Russian military specialists arrived in Syria on Thursday to demine ancient sites in the city of Palmyra, recently liberated from the terrorist group Islamic State, Russian state news agency TASS reported.

"According to preliminary estimates, more than 180 hectares of the city's historical and residential areas will have to be demined," said General Sergei Rudskoi, head of the Russian military's Main Operations Directorate.

The specialists from the military's international anti-landmine centre arrived in Russia's Humaymim airbase on the north-west Syrian coast and will travel another 340 kilometres to the central city of Palmyra, TASS reported.

The specialists are equipped with advanced landmine-detection machinery, sniffer dogs and robots, TASS reported. Palmyra, built on an oasis, is a UNESCO World Heritage Site with monuments thousands of years old.

Russian President Vladimir Putin received the permission of UNESCO's head Irina Bokova, as well as Syrian President Bashar al-Assad, in phone calls on Tuesday to conduct demining operations at the city's ancient sites.

Last week, Russia's military helped Syrian state forces liberate the city from the terrorist group Islamic State, which had occupied it for almost a year and blown up many monuments pre-dating the Muslim prophet Mohammed.

Syria's Directorate-General of Antiquities and Museums is optimistic that the destroyed ancient sites, which include the temples of Bel and Baal-Shamin, can be rebuilt within five years.

"More than 80 per cent of the antiquities in the territory of the museum preserve have survived and are in a satisfactory condition," the directorate said in comments carried by TASS on Tuesday.

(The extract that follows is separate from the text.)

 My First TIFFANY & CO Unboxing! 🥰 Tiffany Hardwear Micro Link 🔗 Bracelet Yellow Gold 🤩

Russia's prestigious Hermitage Museum in St Petersburg, which has a sizable collection of artefacts from Palmyra, has offered to help restore the city's ancient sites.

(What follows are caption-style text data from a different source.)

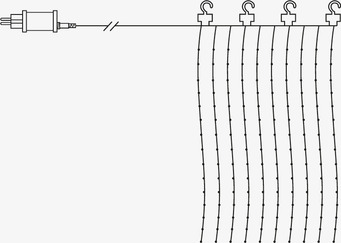 Ljusgardin Sherrie från Star Trading med LED-lampor
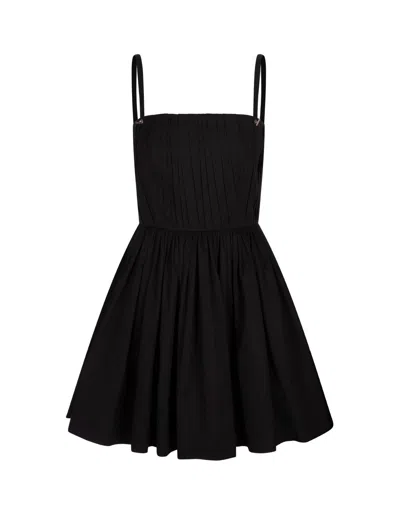 Alexander Mcqueen Curled Mini Dress In Black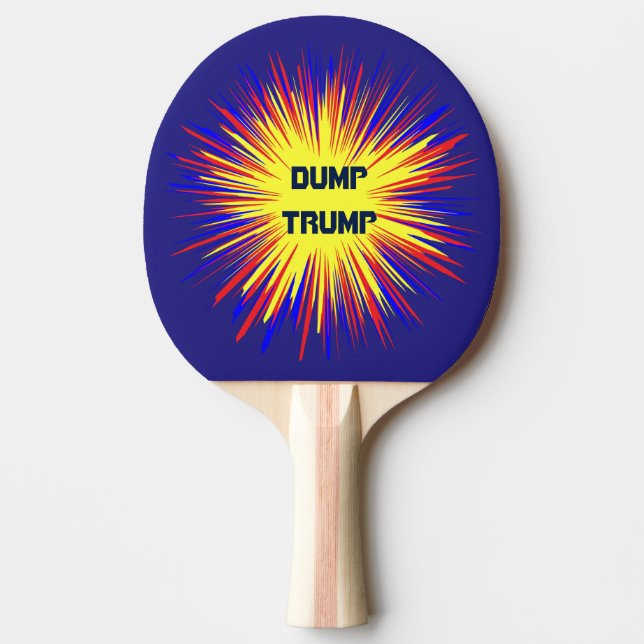 Dump Trump Ping Pong Paddle (Front)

Specialists from the museum will compile research materials necessary for the reconstruction, as "the museum's assistance is especially important in the preliminary stage of assessment," the museum said in an email to dpa.

Russia began a bombing campaign against insurgents in Syria last year to support al-Assad, a longtime ally, and restore some stability to the country. With Russia's support, al-Assad's military has regained significant territory.

The Syrian conflict, which began in 2011 with a government crackdown on a protest movement against al-Assad, has claimed the lives of at least 250,000 people, according to August 2015 estimates by the United Nations.